Jakarta, 13 Agustus 2014 – Indeks Pertambangan
menguat signifikan sejak akhir Juli sampai 8%
ke level 1.560. Penguatan harga metal dan mineral khususnya telah menjadi
faktor utama penguatan ini. Beberapa emiten khususnya berkapitalisasi besar
serta beberapa emiten tambang mineral kecil menunjukkan kenaikan harga yang
signifikan.
Emas ditransaksikan menguat seiring
dengan investor mencari aset yang aman di tengah ketegangan geopolitik di
Ukraina, Irak, dan Gaza.
Sementara itu investor melihat bahwa
kebijakan pelarangan ekspor mineral mentah sebaiknya diteruskan paska transisi
pemerintah baru.
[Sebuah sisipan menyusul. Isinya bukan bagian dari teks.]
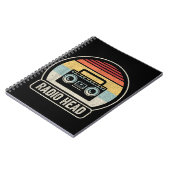 Retro  radiokop notitieboek (Linkerzijde)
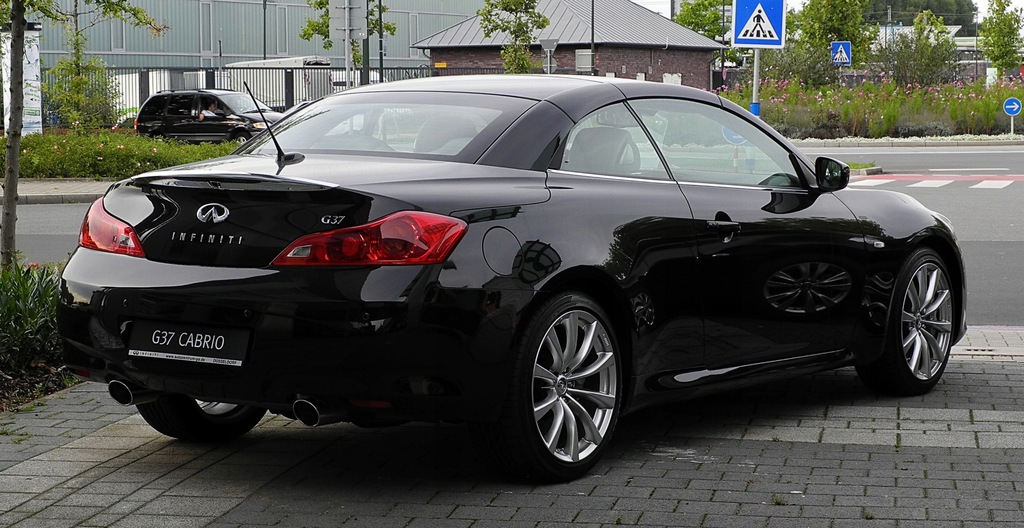 corte der.  izq.  cinturon trasero infiniti g37 cabrio ($)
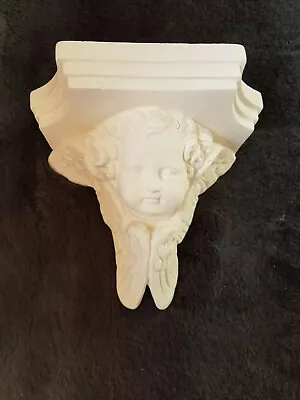 £13 • Buy Cherub Angel Plaster Victorian Corbel Wall Plaque Shelf Bracket Moulding New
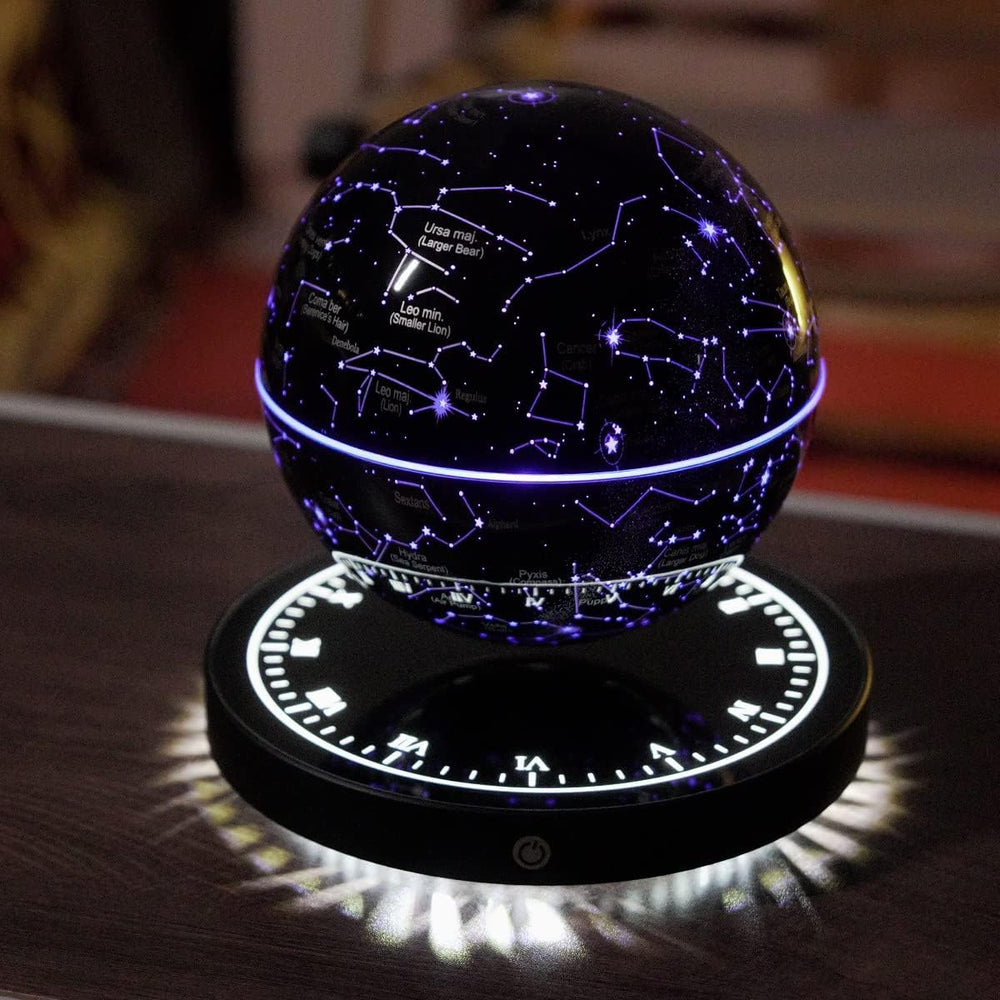 Moderne Konstellationslampe SkyOrbit: Magnetisch schwebende Tischlampe als einzigartige Deko für Ihr Zuhause.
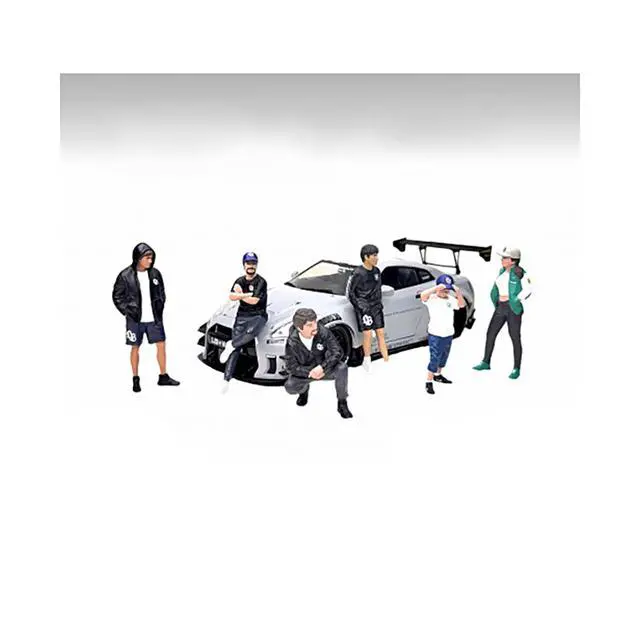 Alt view image 2 of 3 - "LB Nation" 6 piece Figure Set for 1/24 Scale Models by American Diorama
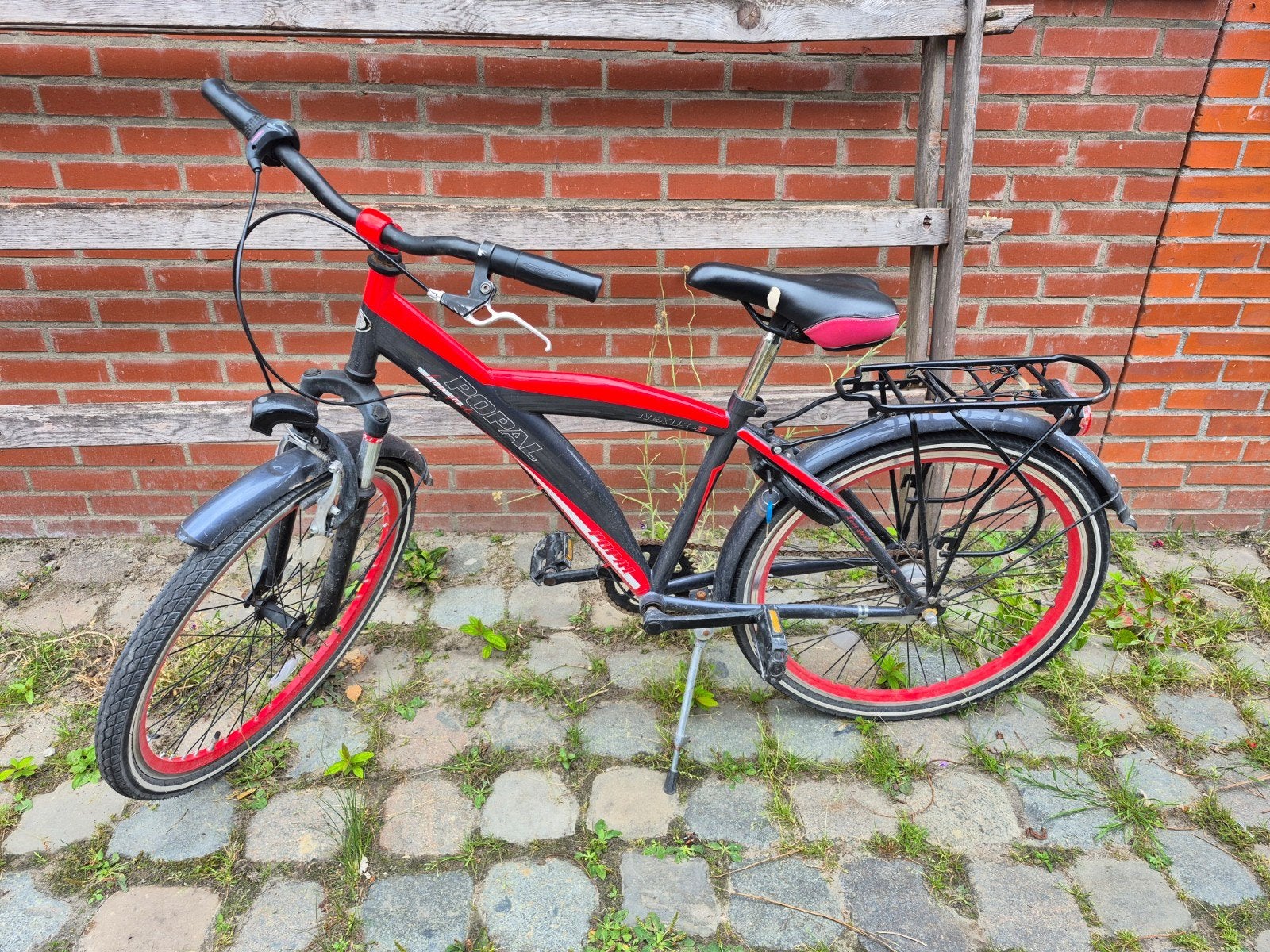 Gebruikte 24 inch jongensfiets - Popal, Gebruikt, Velgrem, Minder dan 49 cm, Ophalen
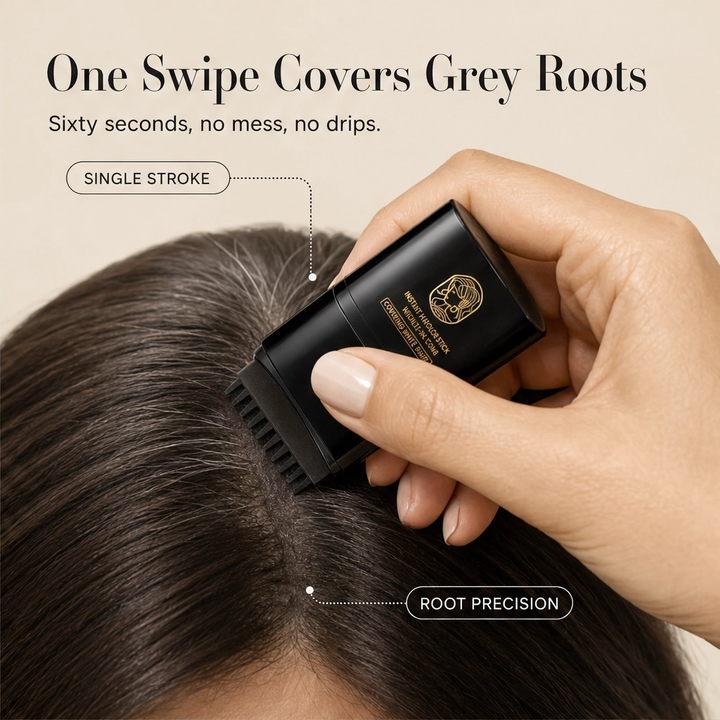 Ravenelle™ – Instant Gray Coverage Hair Color Stick with Built-In Comb + 50% OFF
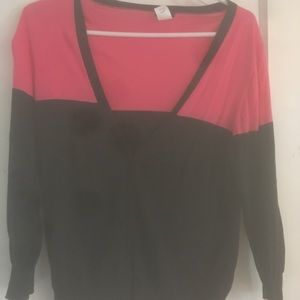 JCREW color block cardigan.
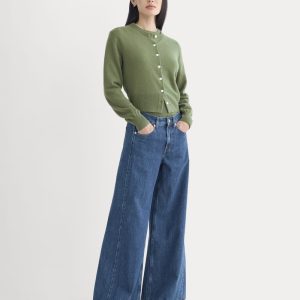 Paneled Ultra Wide-Leg Jean | Tungsten Blue Stone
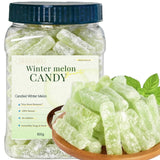 Candied Winter Melon Strips, Rock Sugar Preserved White Gourd, Cantonese Style, 800g, Sealed Jar, Strip Form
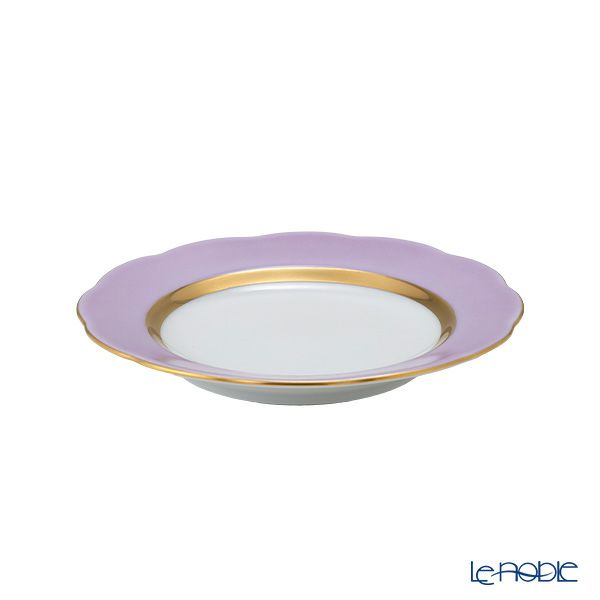 ヘレンド シルクリボン CL01 プレート 12.5cm 20512-0-00 小皿／豆皿（ライトライラック）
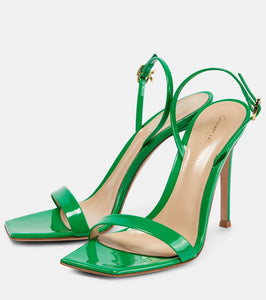 Gianvito Rossi Ribbon 105 patent leather sandals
Diteruskannya kebijakan ini dapat meningkatkan kepercayaan
investor terhadap pemerintah, karena dana investasi telah digulirkan dan sumber
daya telah diarahkan untuk membangun smelter.
R. Sukhyar, kepala direktorat
jenderal batubara dan mineral, Departemen Energi dan Sumber Daya Mineral, menegaskan
kepada Bloomberg bahwa kedua pemerintahan – Presiden Yudhoyono dan presiden terpilih
Joko Widodo – memiliki pandangan yang sama mengenai ekspor barang mentah.
Karena itu kemungkinannya sangat besar bahwa kebijakan tersebut akan tetap
dipertahankan.
Larangan ekspor ini telah menurunkan
pasokan nikel Indonesia ke dunia tahun 2015 dari 29% ke hanya 8,9%. Kekurangan
pasokan ini telah meningkatkan harga nikel ke titik tertinggi sejak 2012. Sejak
awal tahun, harga nikel telah naik 56% menjadi US$ 21.625/metrik ton
PT Adaro Energy, Tbk (ADRO), PT Vale
Indonesia, Tbk (INCO), PT Tambang Batubara Bukit Asam, Tbk (PTBA), PT Aneka
Tambang, Tbk (ANTM) dan PT SMR Utama, Tbk (SMRU) mengalami kenaikan harga yang
cukup signifikan.
Harga saham PT SMR Utama, Tbk (SMRU) |
Harga SMR Utama bahkan naik lebih
dari dua kali lipat, padahal emiten tersebut masih mencatatkan kerugian masif
karena berhentinya operasi tambang akibat harga yang masih terlalu rendah.